Monday, January 22, 2024

Wonders Galore

Yep, while PARD the laptop is being cloned, it's another conglomeration of covers about fascinating mysteries which might divert your questing brain from thinking that existence is boring.

Corliss's books are big on actual citations of publications that report weird things, from old articles in professional journals referring to things transiting the sun, (back when there were no manmade flyers), to OOPARTs (look it up) reported in newspapers.
Cohen has written a few books examining reports of saucers and critters.  Very straight newspaper-like reporting, with a side of speculation on what mundanity might have inspired the witness to interpret a cloud as a UFO (for example).  Lots of his books are written at what was once called high-school reading level, nowadays his prose might tax the so-called instructors.
This one holds a warm place in my heart because it, and Frank Edwards' tomes, were some of the first I read in descriptions of the downright weird.  Godwin writes about blindfolded cyclists, Kaspar Hauser, moving coffins, the abominable snowman, and others.
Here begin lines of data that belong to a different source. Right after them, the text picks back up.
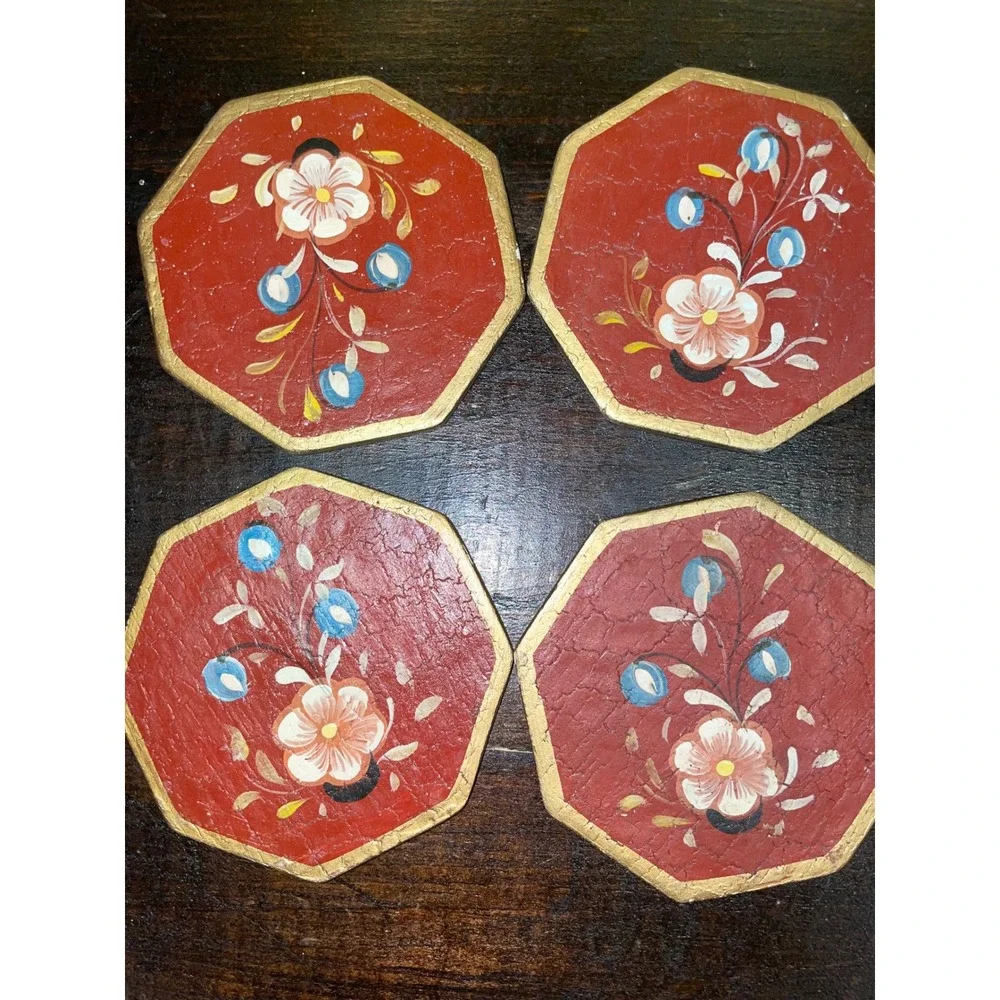 Set of‎ 6 Vintage Octagon Coasters Floral Hand wood Painted Red & Gold Decor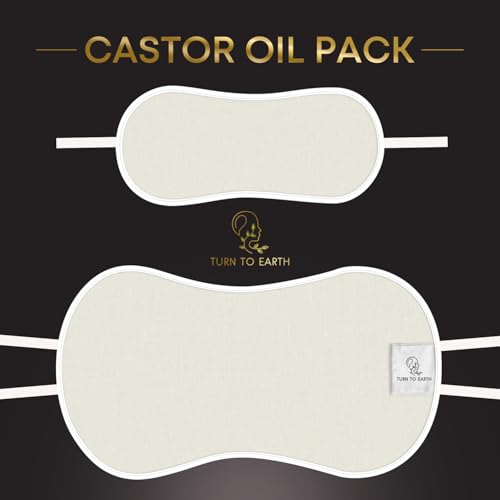 Organic Castor Oil Wellness Pack for Stomach & Neck Detox Compress Pads - Reusable & Adjustable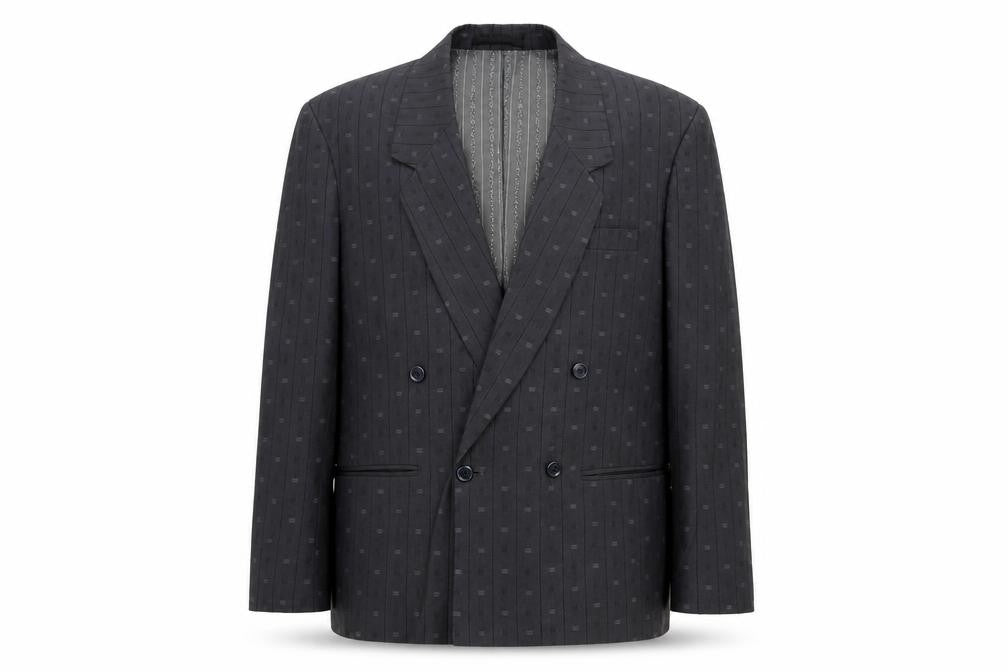 Front view of SWJ Mixers men’s grey polka dot polyester jacket blazer, size L, regular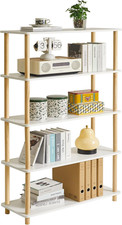 5-Tier Wooden Open Bookcase - Modern Freestanding Bookshelf Storage Organizer,St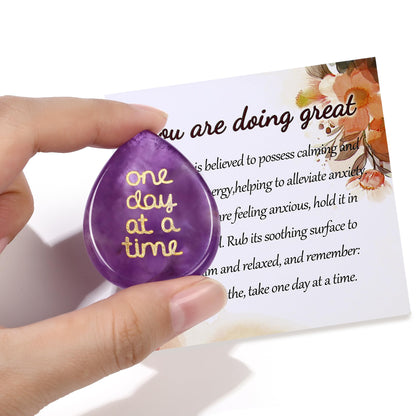 QINJIEJIE One Day at A Time Gifts Amethyst Healing Crystals Worry Stones for Anxiety Relief Items You Got This Inspirational Thinking of You Gifts for Women Men Encouragement Gifts for Best Friends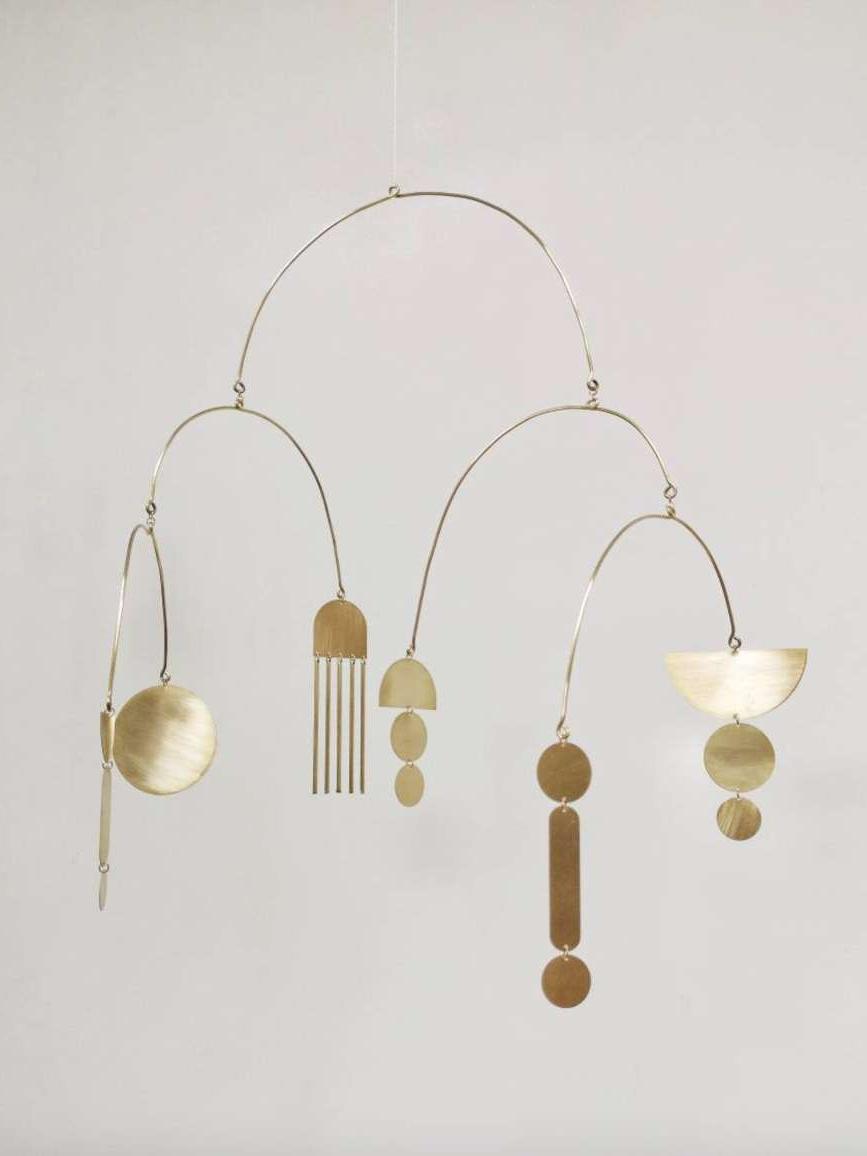 #4 Kinetic Brass Mobile, Small Wave Art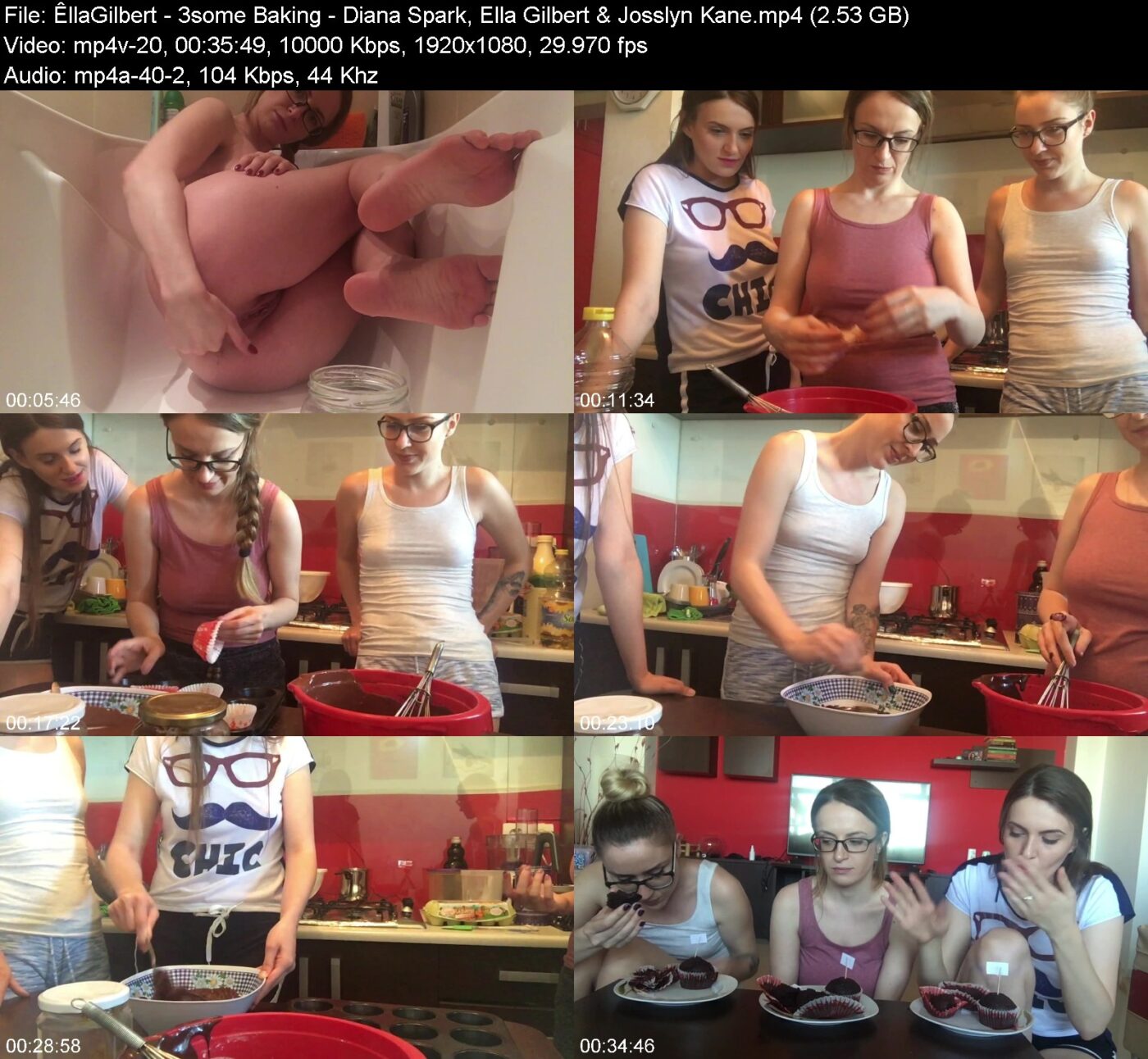 ÊllaGilbert in 3some Baking in Diana Spark, Ella Gilbert & Josslyn Kane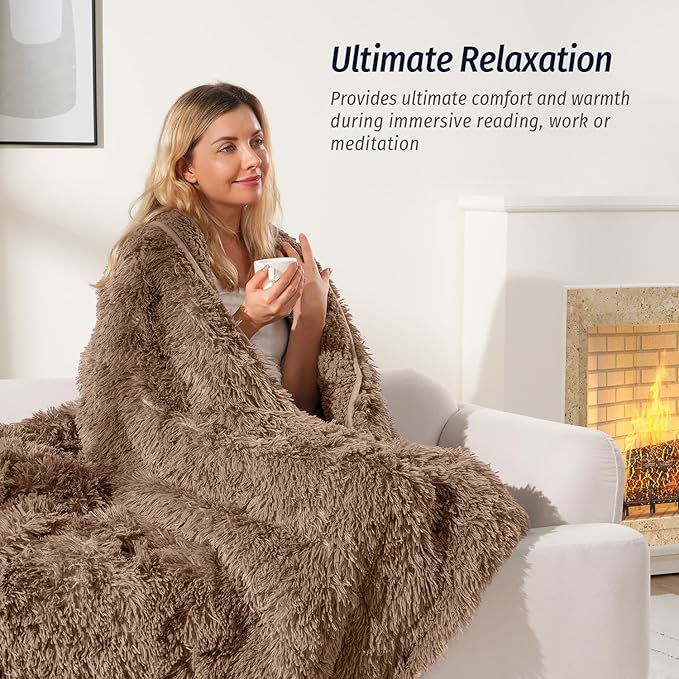 Wemore Shaggy Long Fur Faux Fur Weighted Blanket,Cozy and Fluffy Plush Sherpa Long Hair Blanket for Adult 20lbs,Fluffy Fuzzy Sherpa Reverse Heavy Blanket for Bed,Couch, Brown 60 x 80 Inches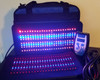 Red, Infrared and Blue LED light therapy pad for pain relief, showing flexible design and controller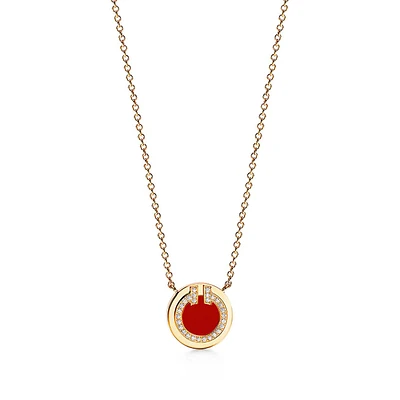 Tiffany T Diamond and Carnelian Circle Pendant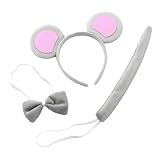 CATMEYE Maus Ohren Haarreifen Set, Tier Kostüm mit Schwanz, Verkleidung für Kinder, Party, Karneval (Grau)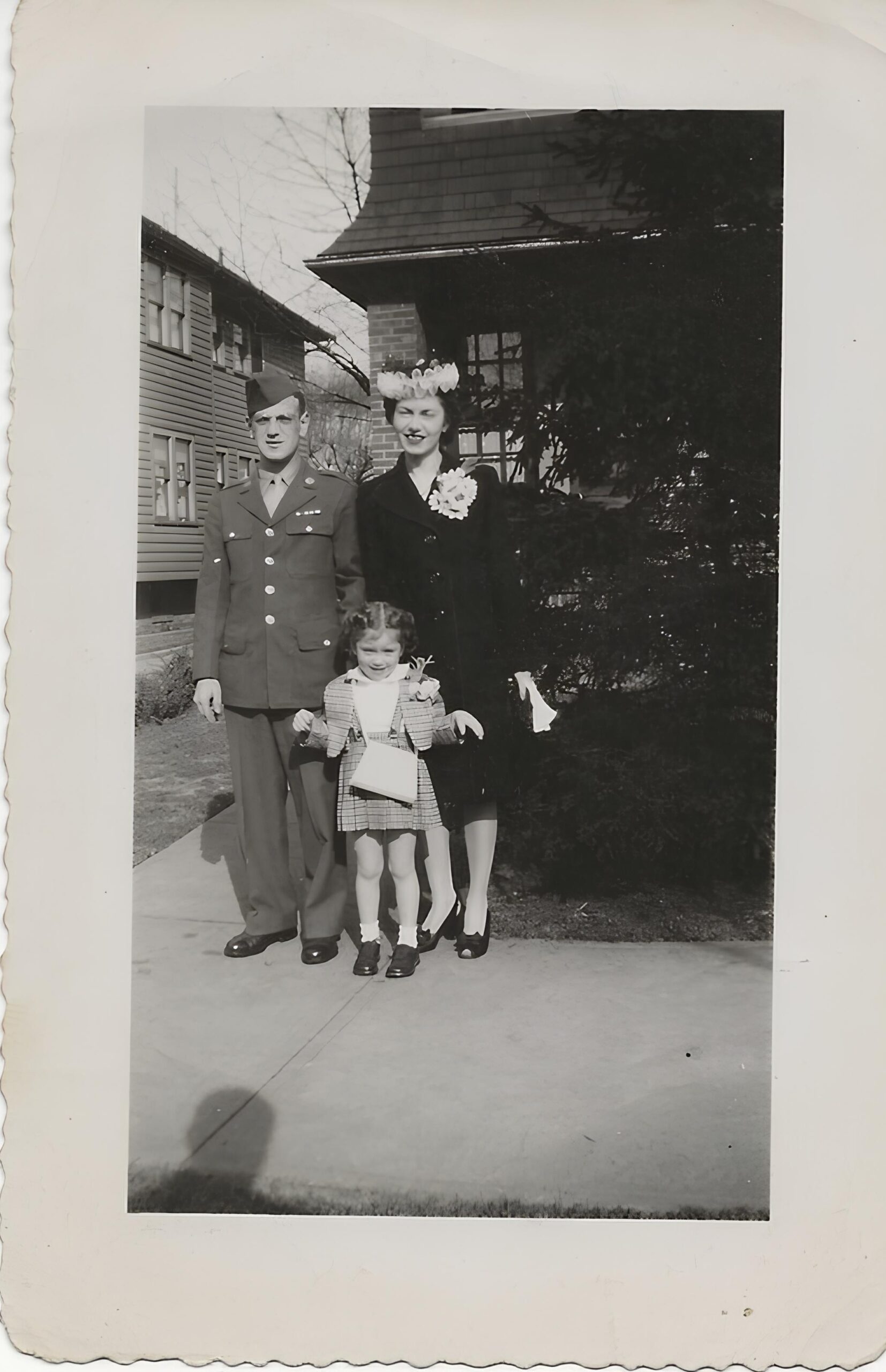Werner and Anna Kayem with their daughter Marilyn, after Werner's return from service.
I think the appeal of books like these to adolescents is severalfold:
  • They stretch the imagination
  • They help stimulate analytical thinking by comparing hypotheses and/or explanations
  • They show us that "rational" explanations which don't solve the problem aren't worth entertaining
  • They prove that the grown-ups don't know everything.
I know I gobbled these books up as a youth.  Why don't you search one out?  Until next Thursday, fellow thunkers!